Having made this work, he added, “I am less afraid to walk.”
Smith, who knew King personally, said the conversation with Wilkins will traverse themes of diversity, equity, inclusion, social activism and blurring the lines between art and social justice — otherwise known as “artivism.”
The event is free. RSVP at redlineart.org. It also be streamed live on RedLine’s Instagram and Facebook.
• The Denver Chess Club is hosting the 2023 national “Tribute to MLK” chess tournament on Saturday and Sunday at the Aurora Central Library, 14949 E. Alameda Parkway. Matches begin at 10 a.m. both days. Dozens of players from across the nation are signed up, including three distinguished Grand Masters. Free to attend and watch.
• On Sunday, admission to MCA Denver is only a penny for its first-ever deep-dive exhibition “The Dirty South,” which explores the legacies and traditions of Black culture in the South through a contemporary lens. 10 a.m.-5 p.m. at 1485 Delgany St. The R&B and hip-hop radio station The Drop 104.7 will broadcast live from the museum starting at noon.
• In Boulder, the Haula Community Organization will honor the life of King from 1-4 p.m. Saturday at the Meadows Branch Library, 4800 Baseline Road with a program including traditional songs and dance from the South Sudanese Church Choirs. On Sunday, a program of music, dance and spoken word will take place at 4 p.m. at the Jewish Community Center, 6007 Oreg Ave. in Boulder. The keynote speaker is Dr. Reiland Rabaka, founder and director of the Center for African and African American Studies at the University of Colorado Boulder. Music by the Spirituals Project.

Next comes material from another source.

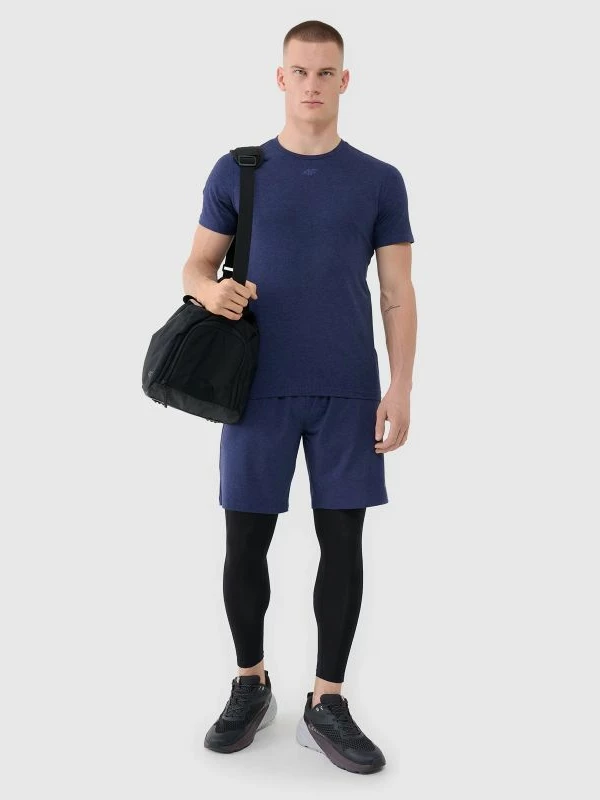 Shorce trajnimi për meshkuj 4f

• At 2 p.m. Monday, Boulder’s non-profit Motus Theater will host an arts-based, family friendly program at the Dairy Arts Center including music by The ReMINDers, Chicago monologist Colette Payne (director at the Women’s Justice Institute) and reflections from Rabaka on what “radical” meant to King.
“This performance is going to get at the transformative root of Dr. King Jr.’s message,” said Motus founder Kirsten Wilson.
Payne will share the impact that incarceration has had on her life.
“You like to say the story is about crime or drug addiction, when the story is about poverty,” she said. “And the story of poverty in the Black, brown and indigenous communities is directly related to the history of slavery, genocide, Black Codes, Jim Crow and all the redlining laws of the government that pushed us into the projects instead of homes in the suburbs. This story is about you, America, not me.”
The event is free. Reserve your seat at thedairy.org
• On Tuesday, Glenda Strong Robinson of Longmont received the Menola Upshaw Lifetime Achievement Award from the 2023 MLK Colorado Holiday Commission at a celebratory concert by the Colorado Symphony at Boettcher Concert Hall. The annual award goes to a person who actively helps to make the world a better place. Robinson, who has been offering MLK-related educational programs throughout Boulder County since the early 1990s, said, “We do this by using our differences to make a difference.”